Autre histoire : en avril 1893, au cours des combats qui ont lieu à Bandiagara contre Amadou Tall, le colonel Louis Archinard récupère un sabre attribué au père de celui-ci, El Hadj Omar. En 1909, le général Archinard fait don de ce sabre au musée de l'Armée. Le Président de la République du Sénégal, M. Macky Sall, en a demandé la restitution au Président de la République française en juillet 2019, demande à laquelle le Premier ministre a répondu favorablement en novembre. Comme vous l'avez indiqué, le sabre est exposé au Musée des civilisations noires de Dakar, depuis son ouverture en décembre 2018. Il est maintenant nécessaire d'acter cette restitution de fait par une sortie des collections nationales.
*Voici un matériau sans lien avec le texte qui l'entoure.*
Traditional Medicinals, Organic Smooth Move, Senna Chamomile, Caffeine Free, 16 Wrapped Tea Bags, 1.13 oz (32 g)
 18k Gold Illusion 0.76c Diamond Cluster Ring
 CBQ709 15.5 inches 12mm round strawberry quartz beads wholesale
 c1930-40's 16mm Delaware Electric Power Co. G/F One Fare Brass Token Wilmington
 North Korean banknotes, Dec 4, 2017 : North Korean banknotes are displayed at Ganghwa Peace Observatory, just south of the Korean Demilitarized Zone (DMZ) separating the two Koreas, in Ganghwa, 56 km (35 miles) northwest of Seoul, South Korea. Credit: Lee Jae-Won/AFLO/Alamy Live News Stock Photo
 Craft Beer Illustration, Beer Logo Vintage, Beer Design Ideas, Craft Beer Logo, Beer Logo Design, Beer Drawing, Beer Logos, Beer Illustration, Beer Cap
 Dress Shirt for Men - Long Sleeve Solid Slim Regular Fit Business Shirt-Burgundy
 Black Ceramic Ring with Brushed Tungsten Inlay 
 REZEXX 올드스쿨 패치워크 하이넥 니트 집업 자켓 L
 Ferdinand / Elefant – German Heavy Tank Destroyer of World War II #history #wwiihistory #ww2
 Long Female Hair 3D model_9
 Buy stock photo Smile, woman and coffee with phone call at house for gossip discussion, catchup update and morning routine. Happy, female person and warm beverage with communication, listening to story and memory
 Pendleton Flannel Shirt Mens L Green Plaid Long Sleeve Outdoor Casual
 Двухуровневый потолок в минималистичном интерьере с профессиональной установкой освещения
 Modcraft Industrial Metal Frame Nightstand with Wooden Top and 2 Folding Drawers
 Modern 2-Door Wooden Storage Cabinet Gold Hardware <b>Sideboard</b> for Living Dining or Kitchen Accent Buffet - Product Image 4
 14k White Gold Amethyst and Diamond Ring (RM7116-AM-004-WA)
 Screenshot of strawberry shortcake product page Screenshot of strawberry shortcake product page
Ces restitutions d'œuvres s'inscrivent dans le cadre d'une coopération culturelle avec le Sénégal et le Bénin. Le groupe Les Républicains soutient cette initiative à partir du moment où des garanties sont apportées. Nous sommes fortement attachés aux grands principes d'inaliénabilité, d'imprescriptibilité et d'insaisissabilité des collections.

C'est avant tout parce que le projet de loi prévoit une simple dérogation à ces principes, et non leur remise en cause, qu'il est acceptable à nos yeux.

Ces restitutions sont d'une part limitées à certaines œuvres. Elles doivent le rester car elles répondent à des demandes précises des pays. Elles s'effectuent d'autre part avec des garanties de bonne conservation qu'il serait opportun de rappeler. Des amendements ont d'ailleurs été déposés en ce sens, qu'il conviendra d'adopter.

Il est également important de pouvoir octroyer à ces pays le matériau muséal dont ils manquent cruellement pour pouvoir retracer leur histoire et leur culture. Soulignons que les musées français ont conservé ces œuvres non dans une volonté d'appropriation nationale de ces trésors de l'humanité, mais avec une dimension universaliste qui consistait à préserver ce patrimoine mondial. C'est dans nos musées que peut s'opérer le dialogue entre les cultures ; il faut donc veiller à ne pas associer aux œuvres qui s'y côtoient la marque d'une revendication avant tout nationaliste. Il doit être ici question non d'appropriation par un pays plutôt qu'un autre, mais de partage de nos expériences culturelles.

L'histoire particulière de ces biens culturels, que j'ai évoquée dans la première partie de mon propos, doit par ailleurs nous inviter à mieux retracer le parcours des œuvres jusqu'à nos musées. Il est important de pouvoir distinguer si elles proviennent d'acquisitions légales ou illicites, distinguo sur lequel nos musées font un travail remarquable, que je tiens à saluer.